## Problem to work on
For this exercise, repeat each entry exactly as written.

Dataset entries
____________________
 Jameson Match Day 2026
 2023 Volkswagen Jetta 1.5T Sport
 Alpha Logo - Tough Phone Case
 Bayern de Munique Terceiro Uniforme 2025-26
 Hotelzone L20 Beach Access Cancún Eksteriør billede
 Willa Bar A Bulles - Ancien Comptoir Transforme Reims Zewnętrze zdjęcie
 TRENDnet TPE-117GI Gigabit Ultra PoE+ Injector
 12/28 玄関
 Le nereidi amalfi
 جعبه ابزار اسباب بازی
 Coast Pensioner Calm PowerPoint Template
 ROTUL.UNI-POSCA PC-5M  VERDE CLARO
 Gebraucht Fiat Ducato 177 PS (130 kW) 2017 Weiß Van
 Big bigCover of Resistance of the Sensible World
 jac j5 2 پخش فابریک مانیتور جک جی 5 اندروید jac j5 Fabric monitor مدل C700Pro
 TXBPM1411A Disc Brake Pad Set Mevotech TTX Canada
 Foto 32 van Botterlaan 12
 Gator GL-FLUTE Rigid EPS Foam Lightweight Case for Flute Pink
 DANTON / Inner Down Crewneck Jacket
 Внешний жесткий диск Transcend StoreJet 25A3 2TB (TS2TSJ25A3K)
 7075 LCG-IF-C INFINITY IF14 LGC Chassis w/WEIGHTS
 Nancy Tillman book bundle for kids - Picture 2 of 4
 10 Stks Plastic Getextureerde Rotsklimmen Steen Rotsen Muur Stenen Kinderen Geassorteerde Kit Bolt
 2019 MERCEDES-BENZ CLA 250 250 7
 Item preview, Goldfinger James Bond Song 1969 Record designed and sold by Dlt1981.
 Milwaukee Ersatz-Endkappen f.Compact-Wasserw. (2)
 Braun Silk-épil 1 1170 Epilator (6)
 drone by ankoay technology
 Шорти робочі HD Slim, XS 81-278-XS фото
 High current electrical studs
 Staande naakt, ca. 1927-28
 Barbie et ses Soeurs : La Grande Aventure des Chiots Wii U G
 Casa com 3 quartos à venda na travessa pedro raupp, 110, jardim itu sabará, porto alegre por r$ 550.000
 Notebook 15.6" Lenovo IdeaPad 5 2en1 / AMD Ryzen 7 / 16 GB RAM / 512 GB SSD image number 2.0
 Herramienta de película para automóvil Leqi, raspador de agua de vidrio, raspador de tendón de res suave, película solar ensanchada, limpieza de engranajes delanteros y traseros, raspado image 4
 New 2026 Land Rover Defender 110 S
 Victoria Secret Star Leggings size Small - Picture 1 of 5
____________________
## Solution to the exercise
 Jameson Match Day 2026
 2023 Volkswagen Jetta 1.5T Sport
 Alpha Logo - Tough Phone Case
 Bayern de Munique Terceiro Uniforme 2025-26
 Hotelzone L20 Beach Access Cancún Eksteriør billede
 Willa Bar A Bulles - Ancien Comptoir Transforme Reims Zewnętrze zdjęcie
 TRENDnet TPE-117GI Gigabit Ultra PoE+ Injector
 12/28 玄関
 Le nereidi amalfi
 جعبه ابزار اسباب بازی
 Coast Pensioner Calm PowerPoint Template
 ROTUL.UNI-POSCA PC-5M  VERDE CLARO
 Gebraucht Fiat Ducato 177 PS (130 kW) 2017 Weiß Van
 Big bigCover of Resistance of the Sensible World
 jac j5 2 پخش فابریک مانیتور جک جی 5 اندروید jac j5 Fabric monitor مدل C700Pro
 TXBPM1411A Disc Brake Pad Set Mevotech TTX Canada
 Foto 32 van Botterlaan 12
 Gator GL-FLUTE Rigid EPS Foam Lightweight Case for Flute Pink
 DANTON / Inner Down Crewneck Jacket
 Внешний жесткий диск Transcend StoreJet 25A3 2TB (TS2TSJ25A3K)
 7075 LCG-IF-C INFINITY IF14 LGC Chassis w/WEIGHTS
 Nancy Tillman book bundle for kids - Picture 2 of 4
 10 Stks Plastic Getextureerde Rotsklimmen Steen Rotsen Muur Stenen Kinderen Geassorteerde Kit Bolt
 2019 MERCEDES-BENZ CLA 250 250 7
 Item preview, Goldfinger James Bond Song 1969 Record designed and sold by Dlt1981.
 Milwaukee Ersatz-Endkappen f.Compact-Wasserw. (2)
 Braun Silk-épil 1 1170 Epilator (6)
 drone by ankoay technology
 Шорти робочі HD Slim, XS 81-278-XS фото
 High current electrical studs
 Staande naakt, ca. 1927-28
 Barbie et ses Soeurs : La Grande Aventure des Chiots Wii U G
 Casa com 3 quartos à venda na travessa pedro raupp, 110, jardim itu sabará, porto alegre por r$ 550.000
 Notebook 15.6" Lenovo IdeaPad 5 2en1 / AMD Ryzen 7 / 16 GB RAM / 512 GB SSD image number 2.0
 Herramienta de película para automóvil Leqi, raspador de agua de vidrio, raspador de tendón de res suave, película solar ensanchada, limpieza de engranajes delanteros y traseros, raspado image 4
 New 2026 Land Rover Defender 110 S
 Victoria Secret Star Leggings size Small - Picture 1 of 5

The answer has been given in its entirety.